被看透心事的郎青竹气气的一甩袖子,她看见那个人的眼神就想到雪的冰凉了,又怎么了?“我回去了,大婚前还有很多准备,我还有得忙呢!”
望着提着裙摆奔跑的郎青竹,郎东垠叹口气,裙摆撑开点,跑那么快,流泪的速度也很快吧?
“皇兄出了什么事吗?”转过头的郎东垠,不紧不慢的问道。
“你怎么知道?”
“你跟皇兄一起出去,现下却自己回来,还是被袖白堤送回来,我还能很乐观吗?”凡事跟袖白堤沾染上关系的人,都不能让人乐观,不过,这阮宁波和袖白堤,还真让他费解,两人从未见过,却已经熟捻若此,甚至一向性如烈酒的阮宁波面对袖白堤看似挑豆的动作,却无一点反抗。
“袖白堤说无碍!”
郎东垠的火气一下子被激起,眸子倏然变冷,“他说无碍,你就相信,就无动于衷,就什么也不用做?你……”

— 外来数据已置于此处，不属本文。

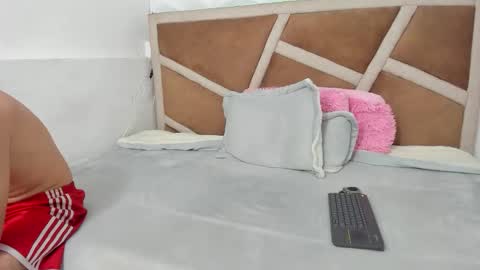 julian online show from 11.26.25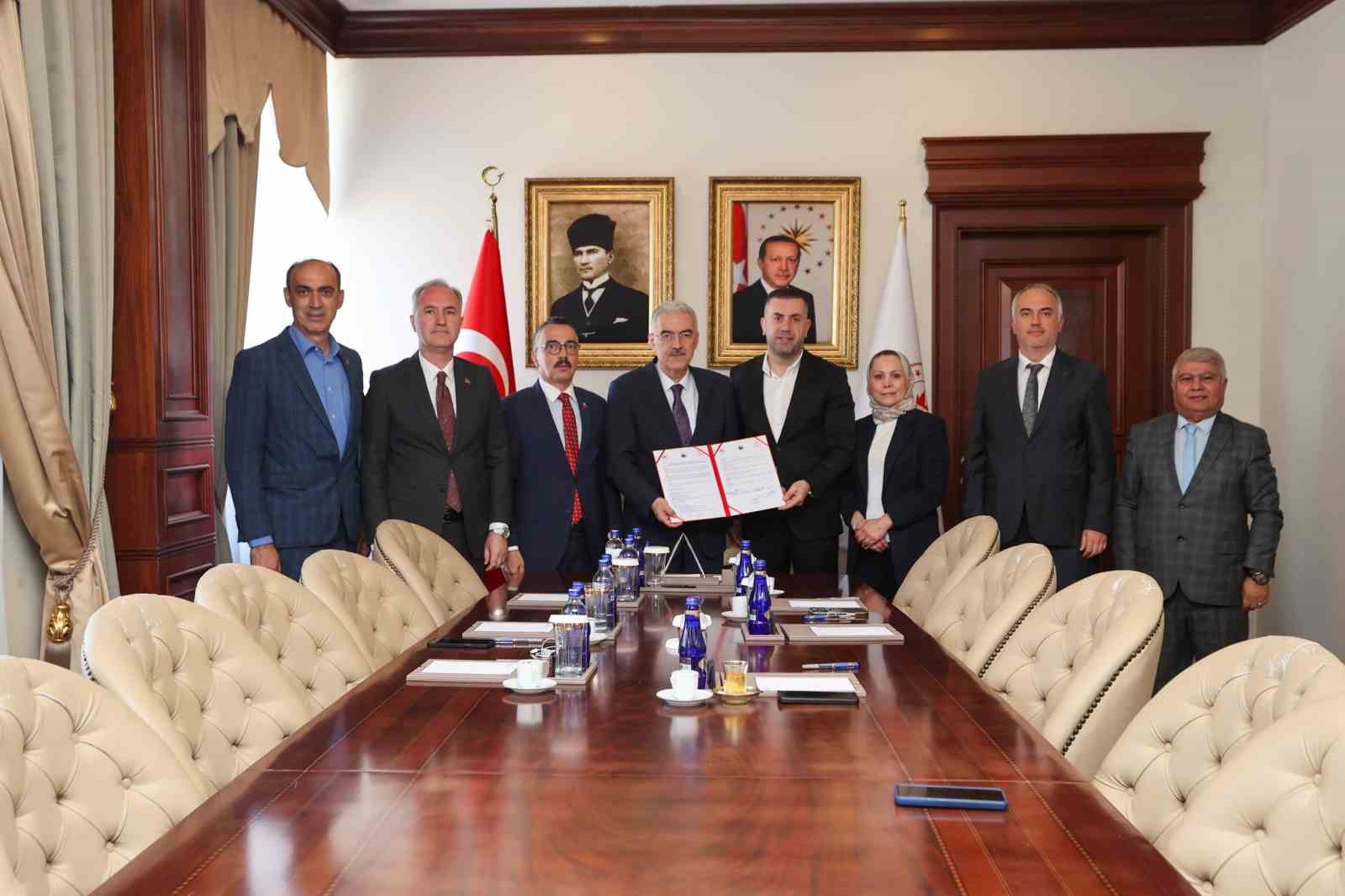 İnegöl’de sağlık ve eğitim için imzalar atıldı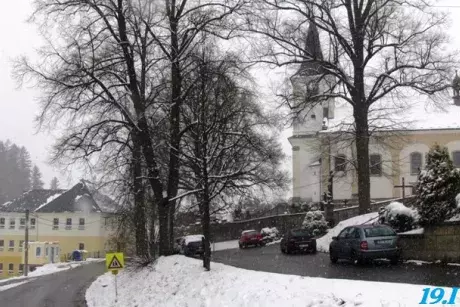 březen-květen 2017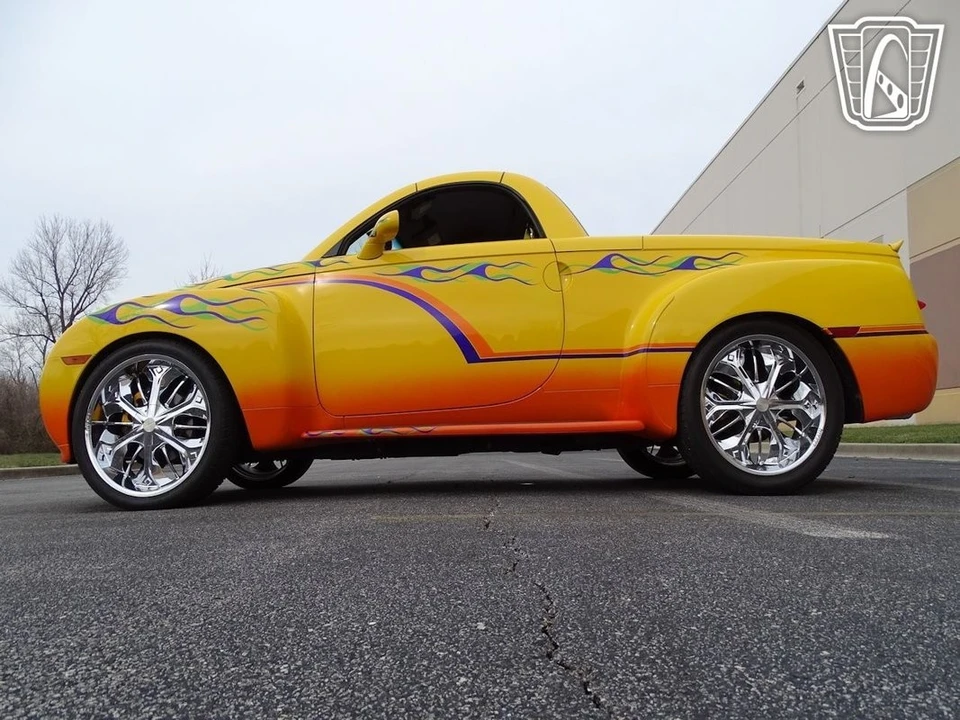 2004 Chevrolet SSR - Image 9 of 21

阮宁波面对指责,默默看着,不说话,她在等郎东垠冷静下来。
过了一会,郎东垠渐渐平复下来,头别向一边,有点难堪,“对不起,只是一时心急,你做的很对,这样的状况确实不适合大动干戈的找寻,如果有人要劫杀,如此去救,怕是正中下怀,造成大乱,现在只能秘密派人去救驾!”郎东垠抚额头,派谁去好呢?皇兄怎么会这么大意呢?
象是了解郎东垠的疑问,阮宁波低声道:“皇上应该指派了萧少岸去做接应,可是,萧少岸无没有去!”
郎东垠眉毛一跳,萧淼,还不至于这么狠吧?还是幕后另有黑手?
突的打了一个响指,郎东垠双眼闪亮。
“我明白了!我立马去布置人手,而宁波你就去天牢,如果这是母后的调虎离山之计的话,那初醉现在就有危险,如果不是,那,皇兄就极危险了!高潜应该是守在天牢处吧!对了,带上卢太医,一为救伤,二为警示,我相信卢太医应该是会拼的老命来保他的!”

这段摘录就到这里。